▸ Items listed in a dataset
....................

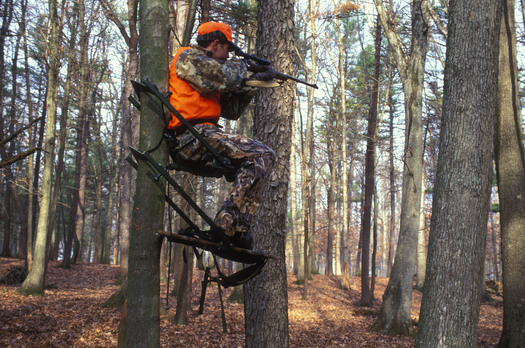 PHOTO: Man in a deer stand. Conservation is just as important as gun rights, according to a new poll of sportsmen. Photo credit: Steve Maslowski, U.S. Fish & Wildlife Service.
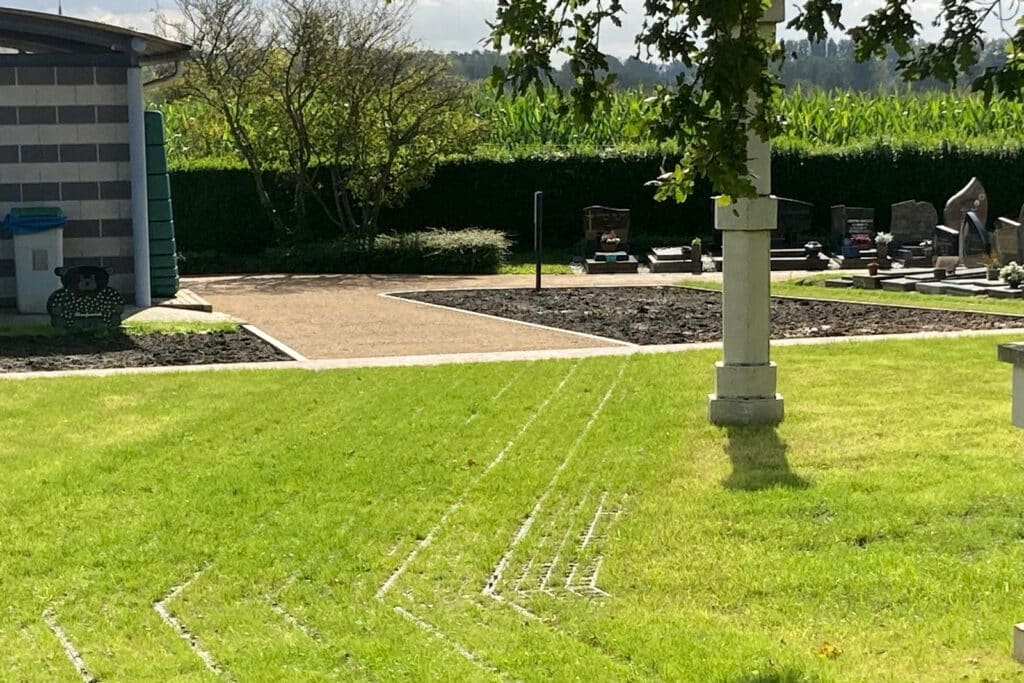 Réinventer les sols urbains : deux solutions végétalisées se démarquent par leur adaptabilité 1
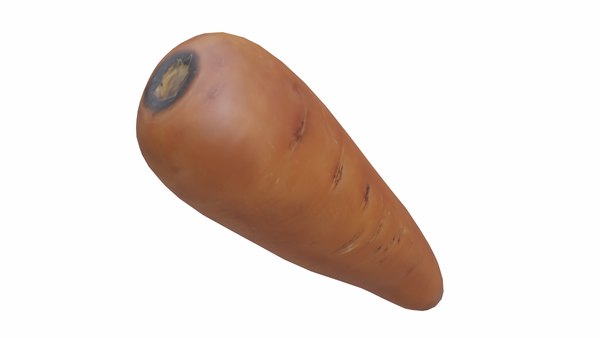 Carrot 3D model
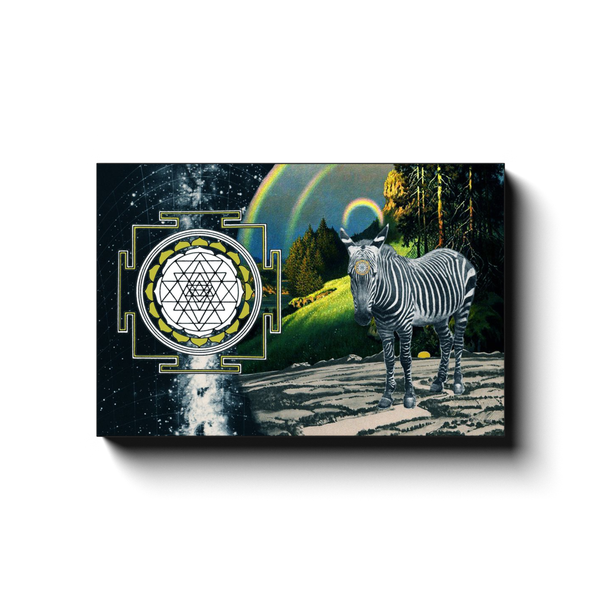 Zebra Magic Canvas Wrap Print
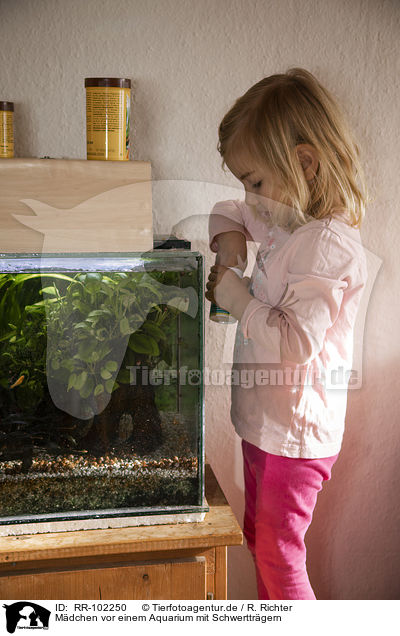 Mdchen vor einem Aquarium mit Schwerttrgern / girl in front of an Aquarium with Swordtails / RR-102250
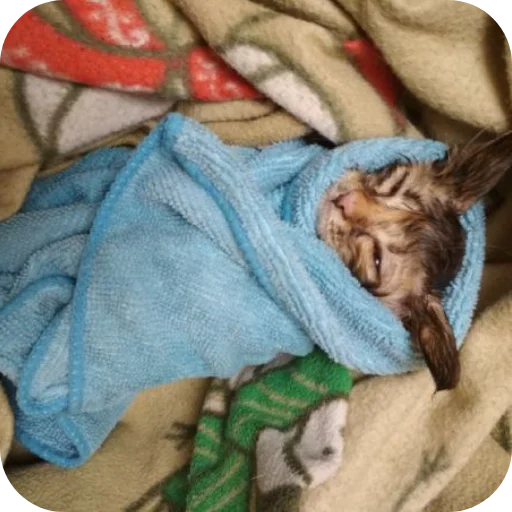 Sticker Lesenka75 - 1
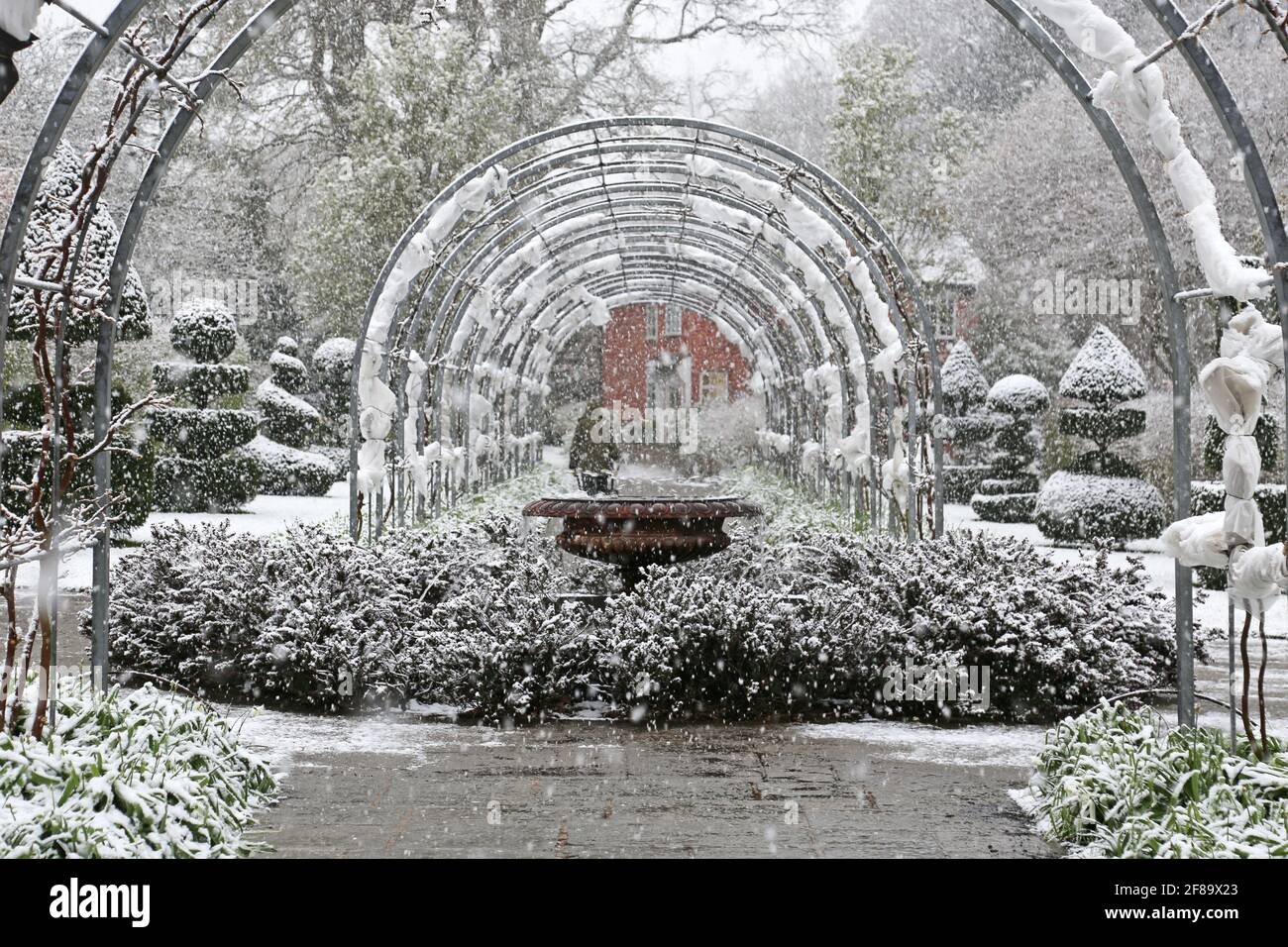Early morning snow at Wisteria Walk, RHS Garden Wisley, Woking, Surrey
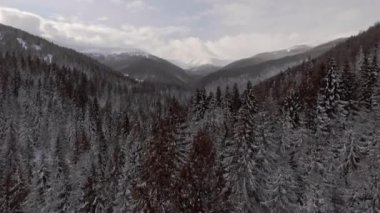 Aerial view flying over the forests in the wintertime mountains while snowing with a scenery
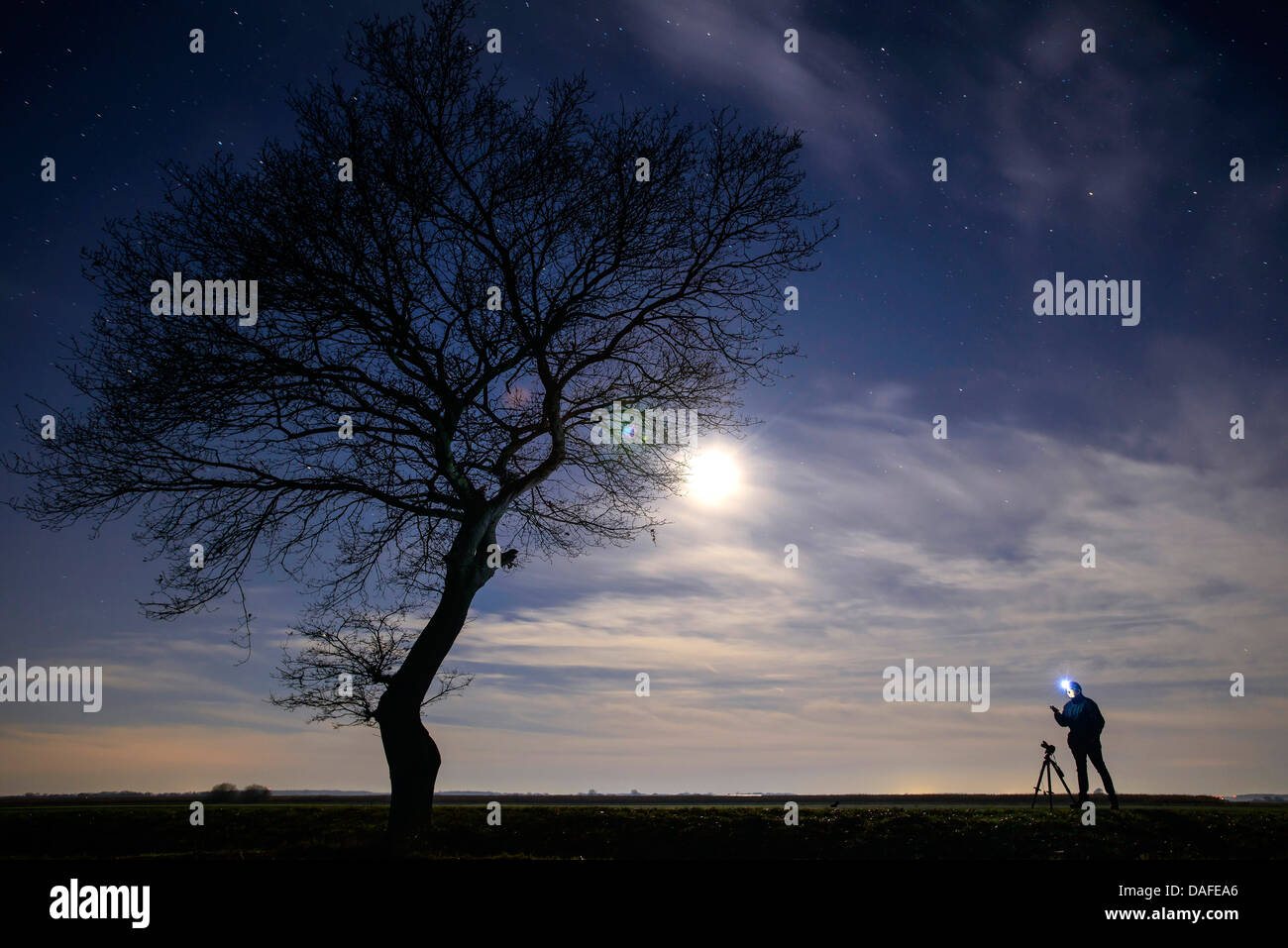 single tree and photographer in moonlight Stock Photo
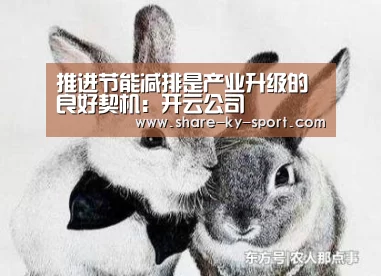 推进节能减排是产业升级的良好契机:开云公司(图4) 开云团队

....................

▸ Assigned task
Output the records above as they stand, from the first line to the line with "Carrot 3D model", inclusive, and exclude the pictures.

▸ Response to this task
 PHOTO: Man in a deer stand. Conservation is just as important as gun rights, according to a new poll of sportsmen. Photo credit: Steve Maslowski, U.S. Fish & Wildlife Service.
 Réinventer les sols urbains : deux solutions végétalisées se démarquent par leur adaptabilité 1
 Carrot 3D model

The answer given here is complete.